Priming to Launch “Oligos as a Service”

In the final feature on Molecular Assemblies, Big4Bio spoke with Stephen Bates, vice president of sales and marketing, about the year ahead for the company as it prepares to commercialize its synthetic DNAs.

Companies to Watch – Molecular Assemblies

by Marie Daghlian

Stephen Bates has come full circle in a long career in sales and marketing as he prepares to help launch Molecular Assemblies’ “Oligos as a Service”, commercializing the company’s enzymatic technology years in the making.

Bates started his career in the 1980s at Applied Biosystems where he helped introduce phosphoramidite chemistry, the first chemistry for making synthetic DNA, to potential customers, and where he met Bill Efcavitch, who later went on to co-found Molecular Assemblies.

In June, he rejoined Efcavitch at Molecular Assemblies with the job of promoting a new chemistry—enzymatic DNA synthesis—to meet a rapidly evolving market demand for long read synthetic DNA, or oligonucleotides.

“Synthetic DNA used to be made mostly as PCR primers, and they are short—20 to 25 bases in length—and also for doing Sanger sequencing,” says Bates. “What’s changed in the last five to ten years is there’s a lot of new applications that people are interested in that require much longer pieces of DNA.”

Stephen Bates, Molecular Assemblies’ vice president of sales and marketing

Bates cited several examples that require long single strand pieces of DNA. This includes CRISPR-based gene editing to knock out genes or introduce edits, where with the latter you need to use a synthetic piece of single strand DNA of at least 150 bases, preferably 200 bases.

“There is this pent-up demand to have long pieces of DNA, which the current chemistry, unfortunately, was never built to do,” Bates says. “Also, these edits, customers want to do them at multiple places in the genome and they might need pools of thousands of these single stranded oligos for one experiment.”

It also includes a spectrum of life sciences applications where you need a synthetic gene, such as to code for enzymes or antibodies. The genes are very long, and companies must buy pieces of DNA and stitch them together to make them.

“The longer the synthetic DNA that you can get, the easier it is, the less error you get in being able to make these synthetic genes,” notes Bates.

Long pieces of DNA are also needed for targeted enrichment, where a genome needs to be sequenced but its preferential to sequence just parts of it instead of the whole genome.

Molecular Assemblies’ fully enzymatic process for making synthetic DNA can make oligos of at least 150 bases, and potential customers have taken note. Customers have told Bates that the current phosphoramidite chemistry for making synthetic DNA doesn’t meet today’s needs and they are excited to try the company’s synthetic DNA.

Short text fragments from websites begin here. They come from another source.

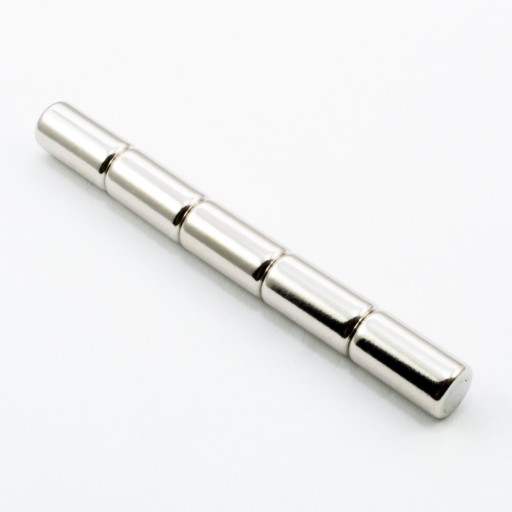 VALEC NEODYMOVÝ MAGNET 8x15 N38 SADA 4 ks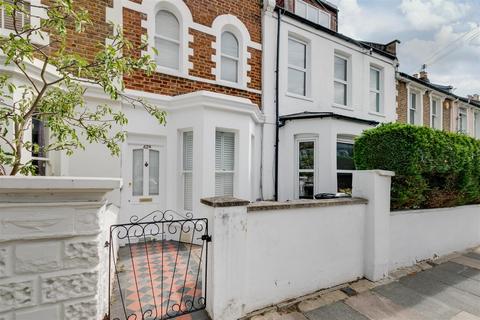2 bedroom terraced house to rent, Priory Road, London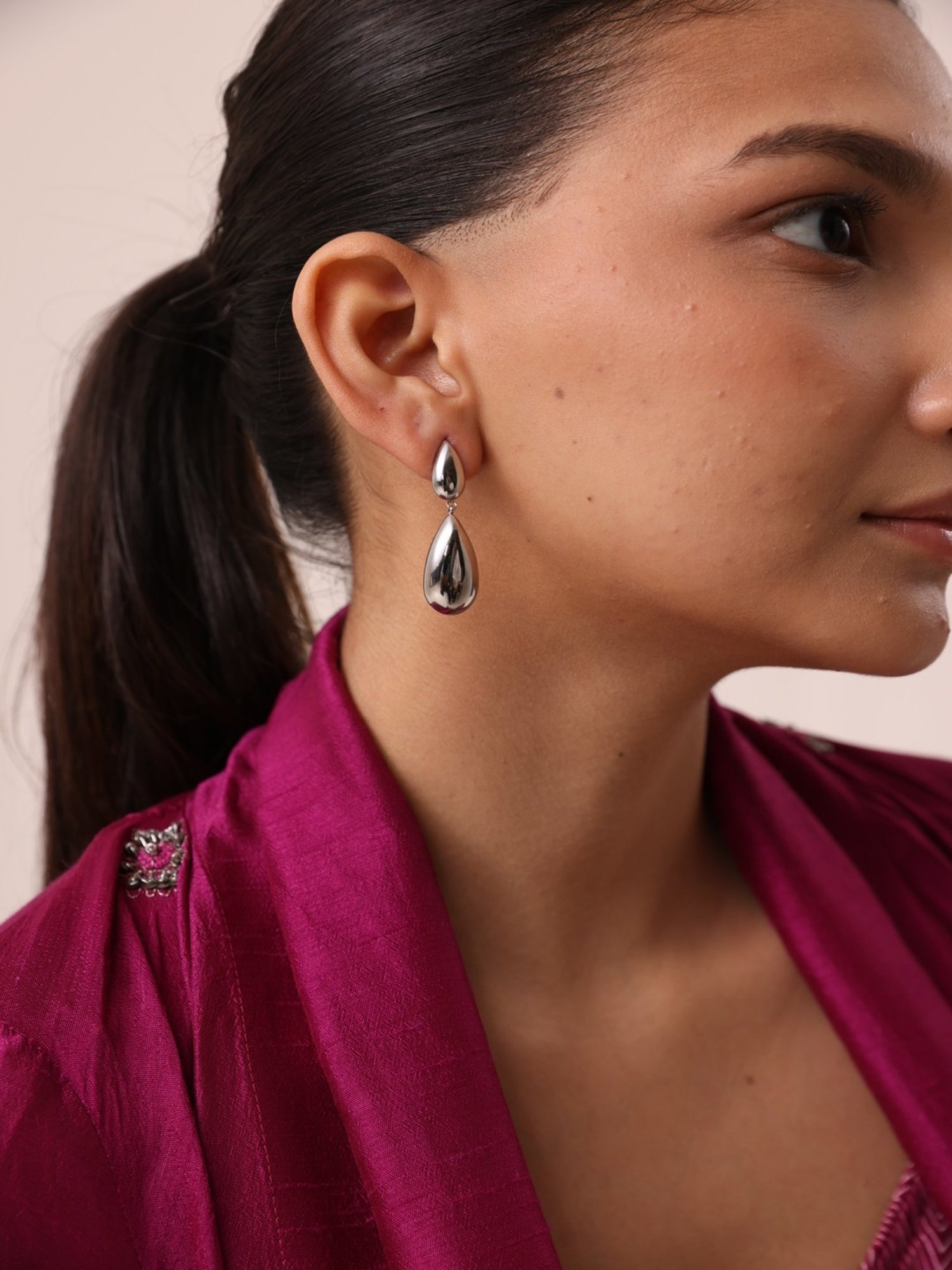 Perfectly Average Waterdrop Earrings Silver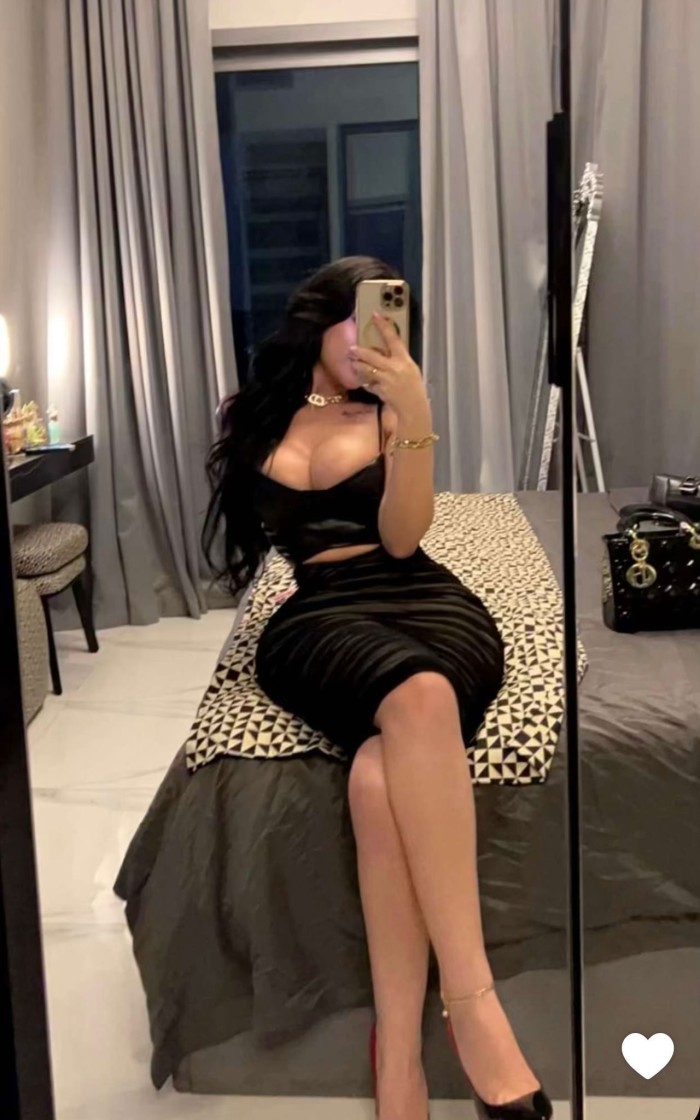 CHICA ARABE MUY TRAVIESA. ATIENDO SOLITA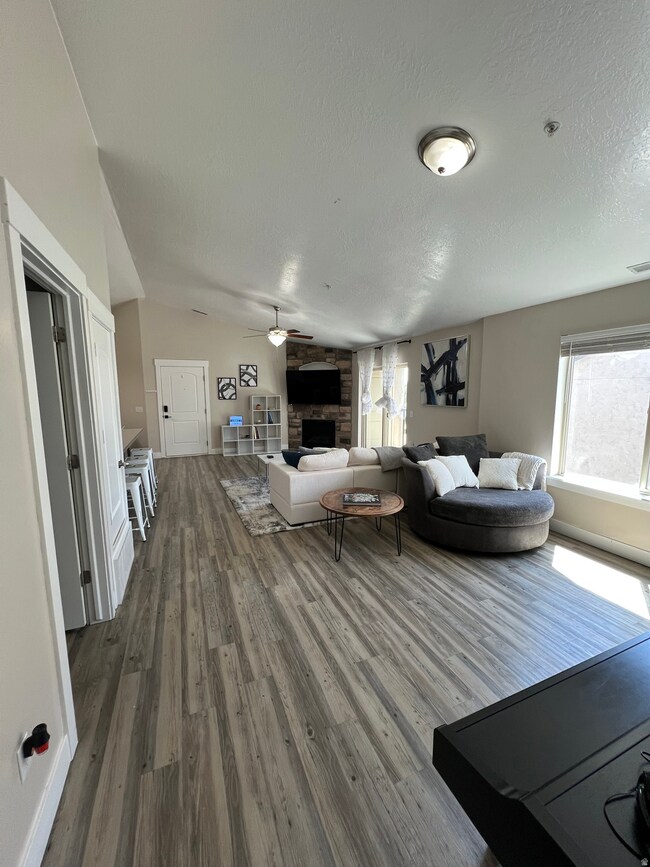 1045 S 1700 W unit 1232, Payson, UT 84651 - photo 5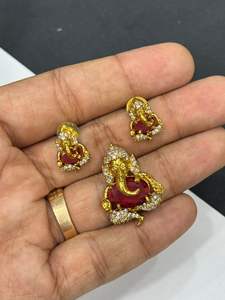CZ Mat Finition Ganpati Pendentif Ensembles Pendentif Sans Chaîne Idéal Pour Les Occasions Festives Ensemble De Bijoux Spirituels Charme Avec Boucles D'oreilles - Product Image 2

“The way I look at it, the competition from phosphoramidite chemistry has a very low cycle efficiency and inherently, for many applications, has difficulty making long pieces of DNA, particularly over 100 bases in length,” Bates says. “So, we are going to be spending a lot of time educating customers, letting them know that we can make long pieces of DNA that have a higher purity level that’s going to meet their application needs more than the current chemistry.”

As far as comparisons with other companies developing their own enzymatic chemistry, Bates says Molecular Assemblies’ process is fully enzymatic, based on a strong patent position, and will result in high efficacy oligonucleotides with high purity and sequence accuracy to meet the needs of today’s applications.

2022 will be a pivotal year for Molecular Assemblies. As it moves toward commercialization it is continually optimizing its chemistry and working to set up an automation platform that can deliver thousands of oligos to customers. Under a business model to sell oligonucleotides as a service, customers would place an order through e-commerce or have a direct relationship with the company.

Bates can’t wait to let customers try out the company’s synthetic oligos and he is confident that they will work.

“I get excited about customers being excited. That’s why I’ve been in this business for so many years,” Bates says. “This is certainly at the top of an opportunity where customers have come to me and, at such an early stage, they get excited about what we tell them. They get excited that its enzymatic. They get excited that it’s fully enzymatic, they get excited that it’s going to be long pieces of DNA that they can’t currently get, that the error rate is going to be lower, that the purity of the oligos is going to be so much better. To me, the more and more customer interactions where I see that in their eyes, that’s what I am looking forward to.”

 


This is part of the Big4Bio Company to Watch program for September 2021: Molecular Assemblies.